→ **Data for the task**:
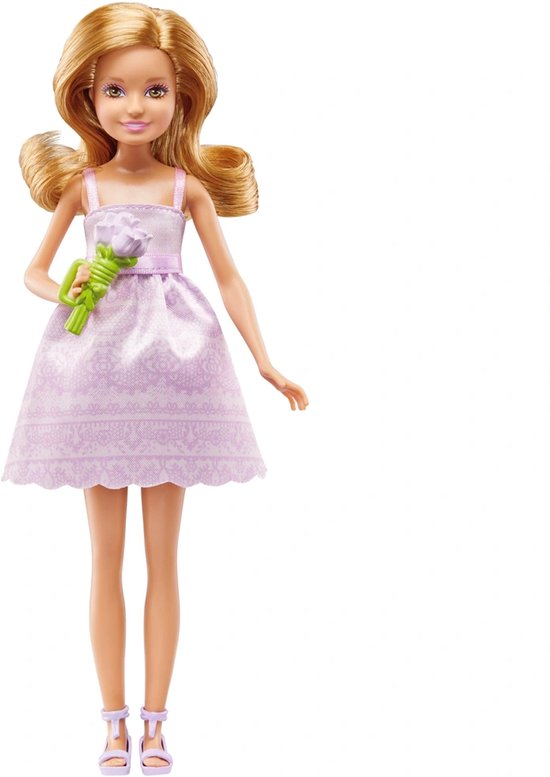 Barbie - Droombruiloft Set - 4 Barbie Poppen - 1x Barbie - 1x Ken - 1x Stacie - 1x Chelsea - Barbiepop - Pop - Speelgoed vanaf 3 jaar — afbeelding 4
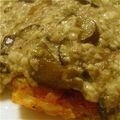 ねむりひめ's cooksnap of when they made もちもち芋餅のとろりん豆腐あんかけ.
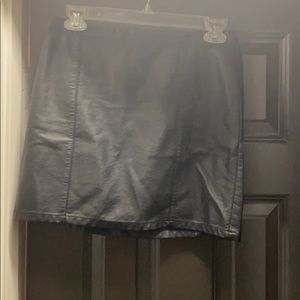 Leather skirt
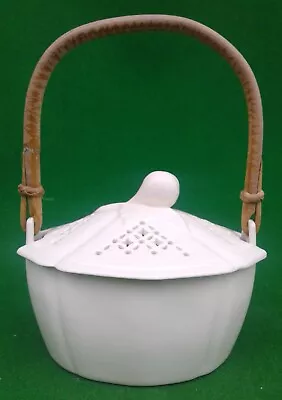 Buy Hartley Greens & Co. Leeds Pottery Basket With Cane Handle. • 4.99£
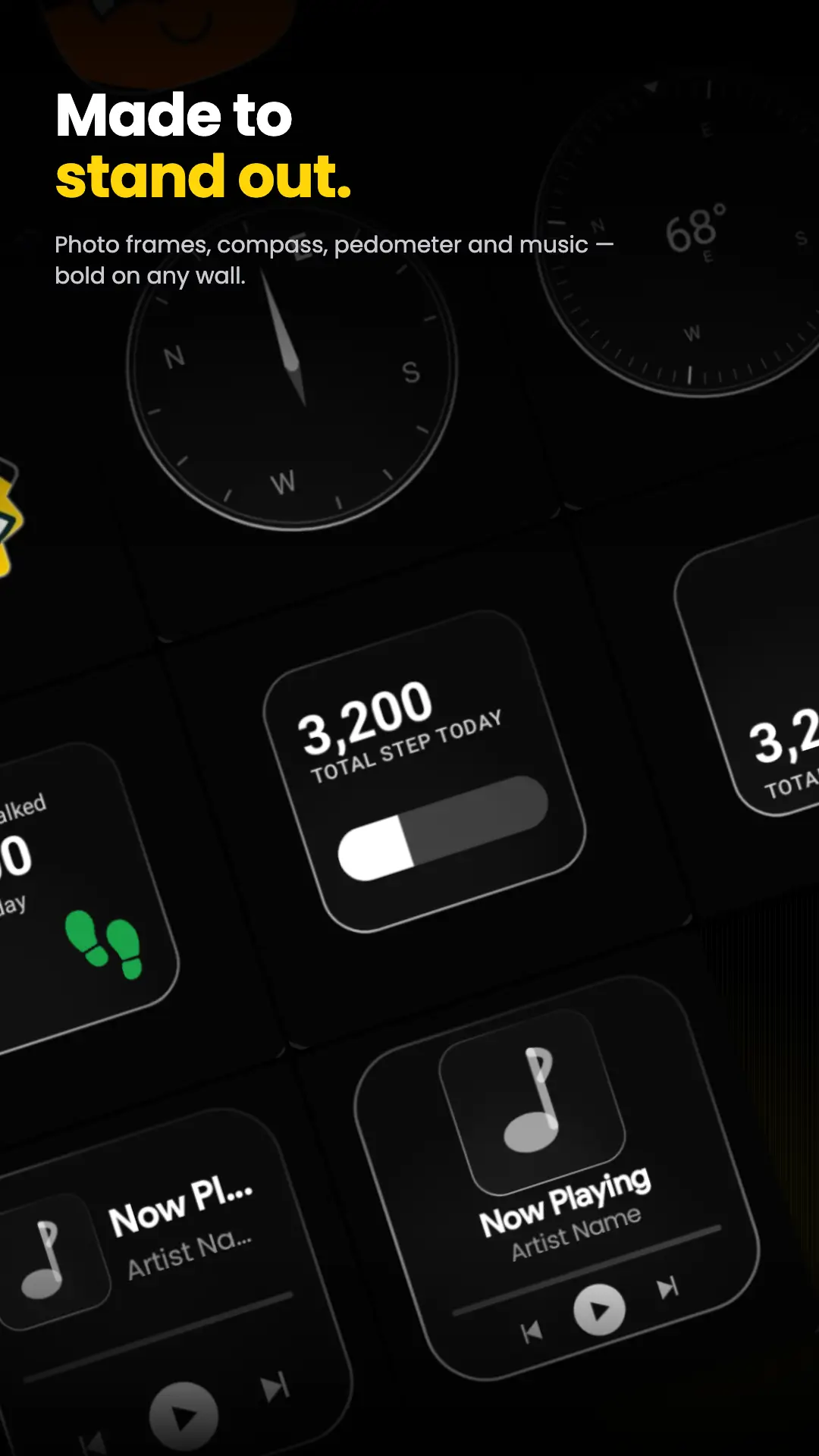 Glass Widgets : Clock, Weather screenshot 3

→ **Directions for this task**: Please restate the entries word for word, with all pictures left out.

→ **Reply**:
 Barbie - Droombruiloft Set - 4 Barbie Poppen - 1x Barbie - 1x Ken - 1x Stacie - 1x Chelsea - Barbiepop - Pop - Speelgoed vanaf 3 jaar — afbeelding 4
 ねむりひめ's cooksnap of when they made もちもち芋餅のとろりん豆腐あんかけ.
 Leather skirt
 Buy Hartley Greens & Co. Leeds Pottery Basket With Cane Handle. • 4.99£
 Glass Widgets : Clock, Weather screenshot 3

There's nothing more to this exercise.